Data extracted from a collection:
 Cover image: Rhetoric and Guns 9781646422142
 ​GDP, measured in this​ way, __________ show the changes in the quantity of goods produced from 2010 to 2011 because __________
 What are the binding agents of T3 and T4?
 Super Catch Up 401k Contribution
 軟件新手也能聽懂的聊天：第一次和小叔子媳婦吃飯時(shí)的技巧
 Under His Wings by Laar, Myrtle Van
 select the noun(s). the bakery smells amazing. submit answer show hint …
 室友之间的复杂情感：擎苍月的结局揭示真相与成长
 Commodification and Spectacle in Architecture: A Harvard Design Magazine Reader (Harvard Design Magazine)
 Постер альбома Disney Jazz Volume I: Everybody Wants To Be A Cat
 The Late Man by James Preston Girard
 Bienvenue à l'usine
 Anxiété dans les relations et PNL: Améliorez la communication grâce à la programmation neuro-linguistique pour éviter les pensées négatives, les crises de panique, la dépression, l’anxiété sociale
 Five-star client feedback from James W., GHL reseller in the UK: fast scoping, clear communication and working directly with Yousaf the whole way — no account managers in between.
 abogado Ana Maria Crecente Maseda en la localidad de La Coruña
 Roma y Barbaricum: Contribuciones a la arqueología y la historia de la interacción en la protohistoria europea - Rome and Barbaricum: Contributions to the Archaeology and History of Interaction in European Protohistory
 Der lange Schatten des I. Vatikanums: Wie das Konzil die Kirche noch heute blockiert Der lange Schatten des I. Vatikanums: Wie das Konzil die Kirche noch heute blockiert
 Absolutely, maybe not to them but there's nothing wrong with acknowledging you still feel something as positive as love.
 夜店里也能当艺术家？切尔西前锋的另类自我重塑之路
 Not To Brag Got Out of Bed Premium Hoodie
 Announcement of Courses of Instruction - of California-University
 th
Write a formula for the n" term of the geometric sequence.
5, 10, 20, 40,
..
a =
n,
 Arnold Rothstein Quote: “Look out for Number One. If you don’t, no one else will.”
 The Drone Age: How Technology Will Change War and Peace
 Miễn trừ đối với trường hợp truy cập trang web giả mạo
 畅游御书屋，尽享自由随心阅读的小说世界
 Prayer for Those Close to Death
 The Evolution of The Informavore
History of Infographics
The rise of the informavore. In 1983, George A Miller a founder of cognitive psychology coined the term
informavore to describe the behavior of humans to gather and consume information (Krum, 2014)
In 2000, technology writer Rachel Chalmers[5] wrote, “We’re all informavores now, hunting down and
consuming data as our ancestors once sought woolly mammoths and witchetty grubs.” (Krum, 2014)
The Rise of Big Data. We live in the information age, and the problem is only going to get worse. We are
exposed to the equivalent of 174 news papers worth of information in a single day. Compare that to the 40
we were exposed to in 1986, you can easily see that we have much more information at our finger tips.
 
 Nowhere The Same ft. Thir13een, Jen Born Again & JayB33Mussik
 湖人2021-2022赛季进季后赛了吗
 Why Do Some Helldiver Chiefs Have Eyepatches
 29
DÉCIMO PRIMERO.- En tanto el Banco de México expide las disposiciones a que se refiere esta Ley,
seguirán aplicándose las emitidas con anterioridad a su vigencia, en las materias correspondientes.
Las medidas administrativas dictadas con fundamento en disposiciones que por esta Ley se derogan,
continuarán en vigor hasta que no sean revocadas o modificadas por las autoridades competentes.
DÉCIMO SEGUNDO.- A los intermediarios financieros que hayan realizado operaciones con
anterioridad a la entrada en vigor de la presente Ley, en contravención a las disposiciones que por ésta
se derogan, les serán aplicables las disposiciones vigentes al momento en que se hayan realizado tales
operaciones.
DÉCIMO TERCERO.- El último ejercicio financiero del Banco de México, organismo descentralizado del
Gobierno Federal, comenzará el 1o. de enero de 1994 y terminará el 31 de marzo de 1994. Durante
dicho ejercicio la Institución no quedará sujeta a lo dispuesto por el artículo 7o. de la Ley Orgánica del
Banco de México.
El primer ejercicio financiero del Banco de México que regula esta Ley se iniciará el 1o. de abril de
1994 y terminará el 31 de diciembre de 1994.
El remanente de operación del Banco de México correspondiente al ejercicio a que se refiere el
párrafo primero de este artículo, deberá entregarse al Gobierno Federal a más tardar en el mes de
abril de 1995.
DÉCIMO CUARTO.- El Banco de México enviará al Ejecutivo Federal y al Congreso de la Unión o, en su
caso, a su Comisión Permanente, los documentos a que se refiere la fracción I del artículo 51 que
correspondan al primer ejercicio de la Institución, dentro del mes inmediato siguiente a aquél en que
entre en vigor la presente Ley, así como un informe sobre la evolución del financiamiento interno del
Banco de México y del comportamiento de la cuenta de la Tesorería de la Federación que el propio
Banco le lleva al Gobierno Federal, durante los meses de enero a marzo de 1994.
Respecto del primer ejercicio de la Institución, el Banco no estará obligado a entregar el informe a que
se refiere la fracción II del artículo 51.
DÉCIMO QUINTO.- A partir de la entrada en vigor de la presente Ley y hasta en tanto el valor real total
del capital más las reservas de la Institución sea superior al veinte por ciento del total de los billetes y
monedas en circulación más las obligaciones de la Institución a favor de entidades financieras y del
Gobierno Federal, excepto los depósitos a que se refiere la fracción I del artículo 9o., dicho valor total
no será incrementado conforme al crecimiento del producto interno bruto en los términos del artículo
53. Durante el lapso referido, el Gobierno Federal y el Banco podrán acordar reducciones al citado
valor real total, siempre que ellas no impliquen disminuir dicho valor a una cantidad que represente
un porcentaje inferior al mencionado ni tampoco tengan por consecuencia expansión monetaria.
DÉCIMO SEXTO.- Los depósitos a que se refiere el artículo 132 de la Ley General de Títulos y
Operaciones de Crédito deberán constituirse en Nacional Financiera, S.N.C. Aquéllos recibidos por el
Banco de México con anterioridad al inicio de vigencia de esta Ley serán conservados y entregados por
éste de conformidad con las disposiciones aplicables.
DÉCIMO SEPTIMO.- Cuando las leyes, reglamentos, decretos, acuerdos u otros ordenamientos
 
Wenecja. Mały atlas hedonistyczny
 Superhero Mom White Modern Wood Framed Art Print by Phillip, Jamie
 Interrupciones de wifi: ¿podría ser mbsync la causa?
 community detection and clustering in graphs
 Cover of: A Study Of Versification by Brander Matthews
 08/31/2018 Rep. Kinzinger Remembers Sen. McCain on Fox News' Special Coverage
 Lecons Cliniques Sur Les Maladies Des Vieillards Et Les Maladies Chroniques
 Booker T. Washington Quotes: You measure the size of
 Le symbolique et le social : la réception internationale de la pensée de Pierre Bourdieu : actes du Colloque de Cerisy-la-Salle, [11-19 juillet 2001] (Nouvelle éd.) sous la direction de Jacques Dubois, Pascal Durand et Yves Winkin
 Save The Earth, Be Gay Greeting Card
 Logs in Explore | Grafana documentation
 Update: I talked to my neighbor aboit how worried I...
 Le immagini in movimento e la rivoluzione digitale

**Directions for this task:** Tally the lines in the records above that hold the word "with", and give only that number.

**Answer box:** 2